But the mere protection of Great and Greater Britain was not enough. "It
is idle to suppose that war could be brought to a termination unless we
are prepared in some way to obtain advantages over the enemy such as to
cause him to weary of the struggle. The _riposte_ is as necessary in
warfare as in fencing, and defence must include the possibility of
counter-attack." "In view of almost any conceivable hostilities, we
ought to be prepared to supply arms and officers to native levies which
would support our Empire in various portions of the globe." But we had
too few officers for our own troops at home, in India, and in the
auxiliary forces. The stocks of arms ought to be larger than they were,
and there ought to be centres of production for them in various parts of
the Empire. "The moneys that the British Empire spends upon defence are
immensely great, and what is wanted is that those moneys should be spent
as is decided by the best advisers who can be obtained." "The main thing
needed for a joint organization of the whole of the defensive forces of
the Empire is the creation of a body of men whose duty it would be to
consider the questions raised, and to work out the answers." For this
purpose he thought the one thing needful was a General Staff, an
institution of which he gave a brief account, based on Mr. Spenser
Wilkinson's essay _The Brain of an Army_, of which the author had sent
him the proofs. "A General Staff," Dilke wrote, "would neither inspect
troops nor regulate the promotion of the army, but it would decide the
principles which would arrange the distribution of the Imperial
forces.... The very existence of a General Staff would constitute a form
of Imperial military federation."


II.

In December, 1890, Dilke read before the Statistical Society a paper on
the Defence Expenditure of the Chief Military and Naval Powers. He had
taken great pains to ascertain what each Power spent on its army and
navy, and what return it obtained for its money. The net result was
that, while France and Germany for an expenditure of about 28 millions
sterling could each of them put into the field a mobile force of two
million men, the British Empire, at a cost of 35-1/2 millions, had "a
nominal force of 850,000 of various degrees of training wholly
unorganized, and supplied only with the professional artillery needed
for a force of about 150,000 men." The British navy was more formidable
than the French, and "the German navy does not as yet exist. I say 'as
yet,' for the Germans mean business with their navy, and have begun, in
a businesslike manner, at the top, putting at the head of it their best
administrators." The French were spending altogether on defence a total
of 36 to 36-1/2 millions, the Germans 38, and the British Empire 57
millions. The moral was that, "whatever the peace expenditure, war
cannot be commenced with a fair chance of winning by a nation which
waits until war to make her organization perfect. Germany before 1870
prepared in time of peace her corps, her armies, and provided them all
with officers for the various commands, who knew what their duties would
be in war. All countries spending much on their armies now do the same,
except the United Kingdom, which stands alone in having still
practically little but a regimental system in existence. But although we
are old-fashioned, to the point of being utterly unprepared (except in
India) for the stress of war, we nevertheless spend sums so vast as to
stagger and amaze even the French and German critics, who ought to be
pretty well used, one would think, to large sums for military
expenditure." [Footnote: Sir Charles notes in 1893: 'Sir William
Harcourt on the British Army: "One knows a man who has ten thousand a
year, sixteen horses, and ten carriages, and yet if one guest comes he
has difficulty to find a dogcart to meet him, and if two come a fly has
to be hired. The British nation also spends its money freely, and has
equal difficulty in meeting the slightest emergency."']

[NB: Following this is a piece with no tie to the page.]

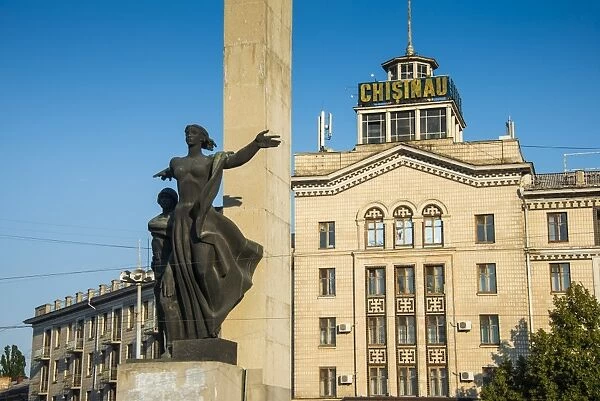 Liberty Monument at Liberty Square in Chisinau capital of Moldova, Eastern Europe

Early in 1891 Dilke proposed to Spenser Wilkinson that they should join
in writing a new popular book on Imperial Defence. During that year the
two men kept up a constant correspondence, and Wilkinson was frequently
Dilke's guest in London, at Dockett and Pyrford, and in the Forest of
Dean. At Whitsuntide Dilke stayed at Aldershot (where Wilkinson was in
camp with his old volunteer battalion, the 2nd Manchester), and went
every day to see the regiment at work.

In September, on the eve of Dilke's starting for the French manoeuvres,
Wilkinson sent him the draft of an introduction to the proposed book. It
challenged the widely-held opinion that war is wicked in itself, and
might by political arrangement be rendered unnecessary, and deprecated
the abstention from inquiry into its methods which this opinion
encouraged. It challenged the maxim 'No foreign policy,' which meant
either having no relations with other countries, or, having such
relations, conducting them without system. War should be conceived of as
imposed upon States by an irreconcilable opposition of purposes, and was
always a means to an end. Peace could not be secured by a policy which
adopts it as a supreme end. The confusion between defence as a political
attitude and defence as an operation of war had led to the neglect, by
English public opinion, of all naval and military preparations that
might be available for attack. But the essential elements of defensive
strength, fleets and armies, were mobile and equally available for
offensive operations, and no efficient preparation for defence was
possible that would not also serve for attack. Without a clear and true
conception of the character of war as a conflict of national purposes,
proper conduct of military operations and of defensive preparations was
impossible, and to its absence was due the unorganized condition of the
defence of the Empire. Dilke, in acknowledging the manuscript, wrote:
"I've read it all and like it, but shall shorten it a little," and in
returning the manuscript, with his modifications, wrote: "The
introduction is most excellent--stately and interesting: I can say this,
as it is almost all yours." Wilkinson then sent a chapter entitled "The
Primacy of the Navy."

"An attack on land conducted across the sea is a most hazardous
speculation so long as there exists anywhere a hostile fleet that is
able to fight. In order to make such an attack safe, it is
indispensable that the attacker should secure himself from all
interruption by destroying or driving from the sea any hostile
fleet. The Power which should succeed in doing this would have 'the
command of the sea' as against its particular enemy.... The
territories of the Power having command of the sea are virtually
safe against attack by sea.... The British navy, then, so long as it
maintains the superiority at sea is a sufficient protection against
invasion for every part of the Empire except India and Canada. If,
however, the navy were to suffer decisive defeat, if it were driven
to seek the shelter of its fortified harbours and kept there, or if
it were destroyed--then, not only would every part of the Empire be
open to invasion, but the communication between the several parts
would be cut, and no mutual succour would be possible.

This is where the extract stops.